Les faits remontent à 2006. À l’époque âgée de 42 ans, la patiente est admise à l’hôpital universitaire de Pise pour des examens médicaux. Une anomalie est détectée, et le verdict tombe rapidement : les médecins lui diagnostiquent un lymphome de type MALT, une forme rare de cancer du système lymphatique touchant les intestins, présenté comme étant à un stade avancé, voire terminal.
De janvier 2007 à mai 2011, la femme subit une chimiothérapie associée à une corticothérapie à fortes doses. Ces traitements lourds provoquent de graves effets secondaires : déséquilibres hormonaux, affaiblissement extrême du système immunitaire, troubles psychologiques, épisodes dépressifs et anxiété chronique.
C’est finalement en mai 2011, à la suite d’une biopsie de la moelle osseuse, que la vérité éclate : la patiente n’a jamais été atteinte d’un cancer. Le diagnostic initial était erroné.
Estimant avoir été victime de négligence médicale, la patiente engage des poursuites contre l’établissement hospitalier. En première instance, la justice lui accorde 300 000 euros d’indemnisation. Une somme jugée insuffisante par la victime, qui décide de faire appel.
Jeudi dernier, la cour d’appel a revu le montant à la hausse, portant l’indemnisation à 500 000 euros. Dans sa décision, la juridiction souligne que cette augmentation est pleinement justifiée par « l’angoisse et les souffrances extraordinaires » endurées pendant plusieurs années.
« Je me sens brisée »
Dans un témoignage accordé au quotidien Il Tirreno, la femme confie que son état de santé reste aujourd’hui très préoccupant.
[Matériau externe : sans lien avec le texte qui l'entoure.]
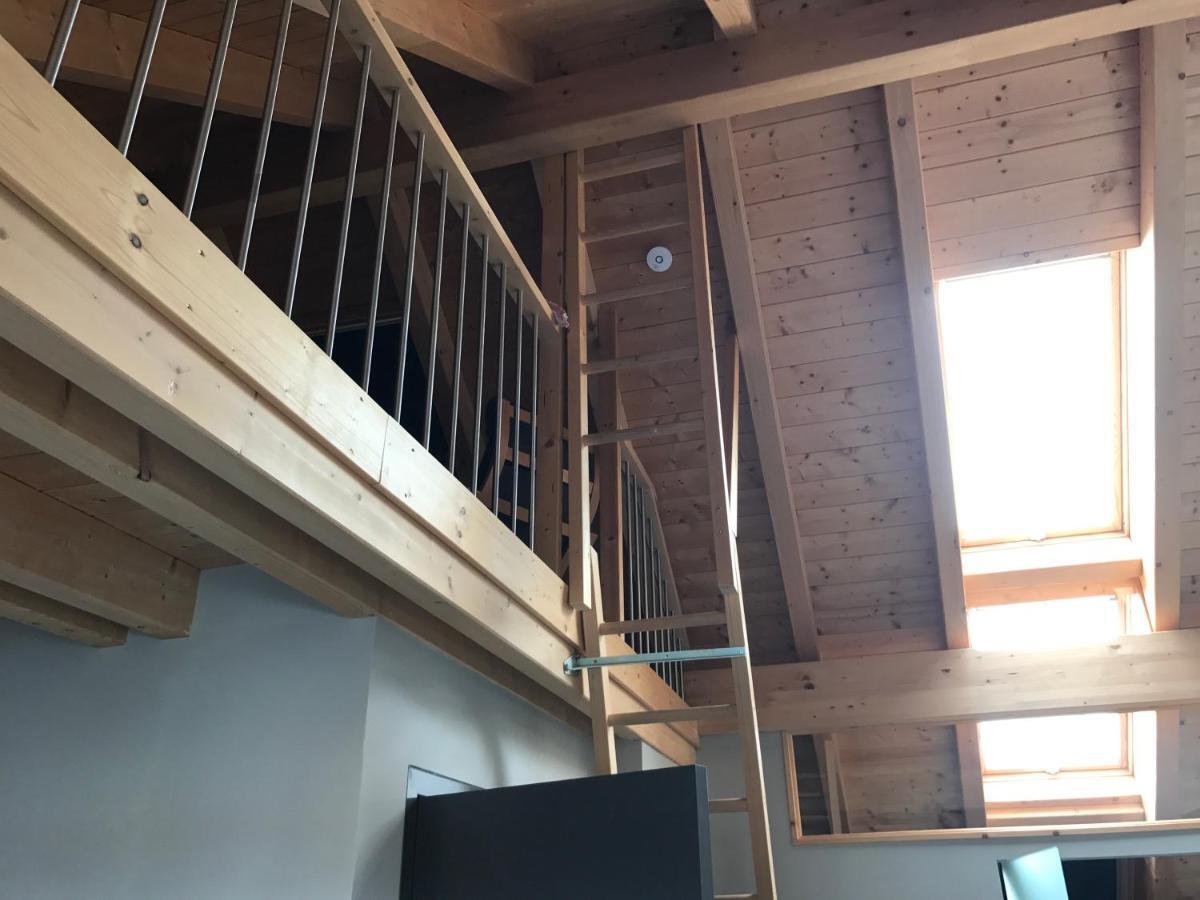 Apartment Mit Dachloggia Зарлуї Екстер'єр фото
« Mon système immunitaire a été détruit par ces traitements erronés, inutiles et nocifs », explique-t-elle. Ironie tragique, elle affirme être désormais réellement malade, conséquence directe des soins qu’elle n’aurait jamais dû recevoir.
Malgré la reconnaissance judiciaire, la souffrance demeure :
« Je me sens brisée. Je n’ai aucun moyen d’être en paix, même après cette décision », conclut-elle.
Cette affaire relance en Italie le débat sur la responsabilité médicale, la fiabilité des diagnostics et l’accompagnement des victimes d’erreurs médicales aux conséquences irréversibles.